Her love of the big screen has led her to a 14-year stint each January as a volunteer -- along with her sister who now lives in Omaha, Neb. -- at the Sundance Film Festival in Park City, Utah. Carol has also served on the board of the Fargo Theatre for six years.

The Sundance backdrop

In 1848, Mormon pioneers first explored the mountainous area at 7,000 feet above sea level, 30 miles southeast of Salt Lake City.

Today Park City, population of 8,000, hosts millions of tourists a year, including the 45,000 patrons of the Sundance Film Festival held for two weeks each January.

In 1981, actor Robert Redford set out to provide a venue in this remote natural setting for independent film artists to explore and take creative risks without commercial and political pressure. The Sundance Film Foundation and Festival discovers and develops these artists from across the globe.

This year, Mary and Carol began volunteering Tuesday for the second week of the festival. Mary first attended Sundance in 1998 and said she was worn out from seeing all the films and wanted to become a part of the festival. She then persuaded her sister to join her.

"I work parties (sometimes of 2,000 people) and special events, and my sister works passes and packages," Carol said. "There are many parties, opening, closing, street parties, invitation-only events, but the final award party is a lot of fun. I serve as a crowd liaison, setting up, taking down, and I've learned a new skill -- tying very attractive tablecloths."

One year, the pair worked a big private party, where Carol ended up at coat check and made $70 in tips.

"We went out to a fancy restaurant and paid with one-dollar bills," Mary said.

Carol explained volunteers have to apply in the fall and be 18 or older.

She works alongside college students, interns, Park City locals and people from all over the country. Shifts can be from 8 p.m. to 2 a.m. Veteran volunteers can pick their venues, and Carol has been at the Prospector Theatre for about 10 years.

"Park City is not a large town," Carol said. "Movie venues are everywhere, libraries, school, theaters, civic buildings and hotels. We receive training in person and online to let us know what is new each year. It's all about excellent customer service."

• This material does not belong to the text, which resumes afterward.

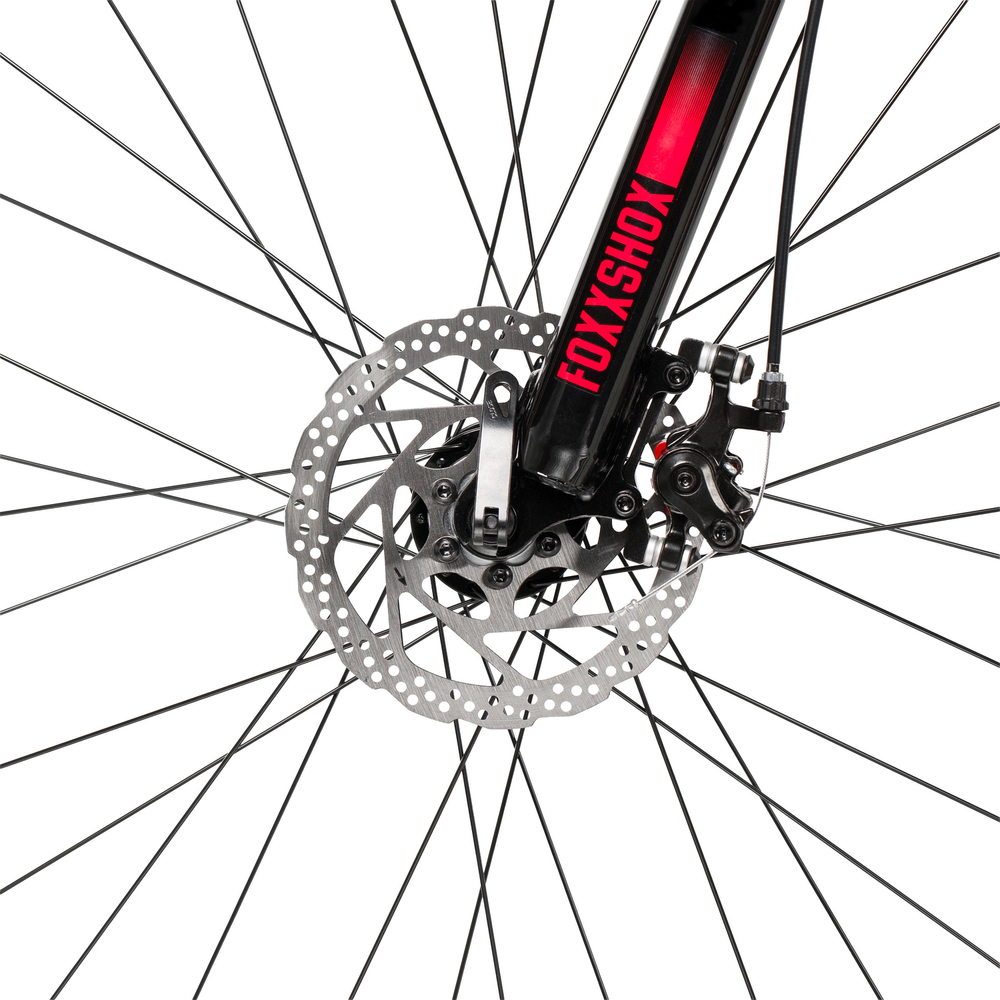 Велосипед 27.5" FOXX MERIDIAN р.16" алюминий, коричневый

Volunteers pay their own transportation and housing but receive tickets/vouchers to see films and "tons of stuff, including really cool jackets."

Depending on the year, Carol will see up to eight films. Her most memorable have been "The Station Agent," "Beasts of the Southern Wild," "Maria Full of Grace," "Blair Witch Project" and "Way Way Back."

One year, Carol sat next to film critic Roger Ebert, whom she describes as great to talk to and a "real regular guy."

Another time she worked a film venue, and a gentleman approached her and said, "I realize I have my daughter's tickets and need to bring them to her. Will you recognize me when I come back?"

"I certainly will, Mr. Vice President," Carol said. "It was VP Al Gore there to support his film, 'Inconvenient Truth.' He was very gracious and humble."

This year, Carol has the documentary "Ivory Tower," about higher education on her must-see list as well as "Rudderless," a feature film with William H. Macy.

Return to real life

Carol, the oldest of six siblings, graduated from Shanley High School in Fargo, where she learned community activism from her mother and concern for social justice issues from the sisters who taught at the school. This deep background led her to North Dakota State University, where she majored in social studies education and worked for Campus Attractions, where she brought in films, acts, coffeehouse entertainment and programming for students.

After a brief stint teaching, Carol became the volunteer and public education coordinator as a Vista volunteer for the Rape and Abuse Crisis Center, which turned into a full-time position for 16 years.

"I wanted to get active in something related to women's issues," Carol said. "It was a driving force for me."

Carol earned a graduate degree in management from the University of Mary.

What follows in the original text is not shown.